La determinación, por momentos absurda, de continuar con la travesía, descansa en la necesidad de oponerse a la barbarie a través del rito cristiano del entierro: solo los animales y los indios no dan sepultura a sus muertos. Para sostenerse del lado de lo civilizado, la narradora también adopta un perro que encuentra por ahí y lo llama El lengua. Por un lado, una mascota implica la domesticación de un otro inferior, y, por otro, le pone ese nombre que la reasegura en la palabra, el lenguaje como marca de ingreso en la cultura. Una de las últimas cosas que pierde la narradora en manos de esta despersonalización que opera el desierto sobre ella -y sobre todos los personajes-, es el perro.

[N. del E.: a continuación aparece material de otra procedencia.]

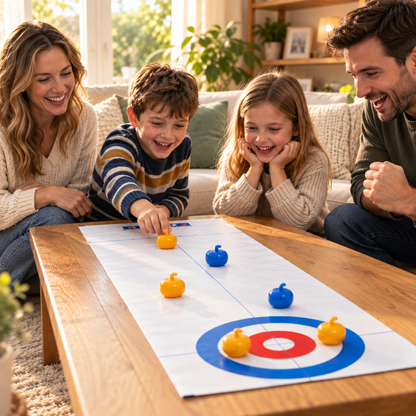 Family Table Curling Game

El relato se construye como una tragedia desde el título -que alude a una frase de la obra La tragedia de Macbeth de Shakespeare. Contra viento y marea, van a enterrar a la muerta y el texto nos hace saber mediante indicios que esa determinación no es la mejor, lo que se conoce en el lenguaje de la novela como “mal agüero”. Los signos de que las cosas pueden salir mal, proliferan: está por desatarse una tormenta, la carreta es seguida por pájaros carroñeros, y apenas comienzan la marcha, atropellan un animal. Dice el conductor de la carreta, al que contrataron para emprender este viaje, luego de tener un accidente: “Ya me lo habían dicho en el pueblo y hasta me lo dijeron varios. Con esas no, mal agüero, juntadera de problemas, viven en casa rodeada de perros, reciben gente del fortín que entra y sale, cada tanto. Pura maldición llevan esas, acarrean, levantan desgracia, la sueltan en cualquier parte, con ellas va la malaria. A esa casa no se acerque, avisaron: vienen del campo a la ciudad, echadas por la mala suerte, rompen lo que tocan”.
Lo último, y una de las cosas más destacables de esta novela, es que no solo viene a echar una luz nueva sobre la tradición literaria argentina, sino que además, en un giro paradójico, suma color a la producción literaria actual que, últimamente, nos tiene acostumbrados a cierta homogeneidad en temas y formas.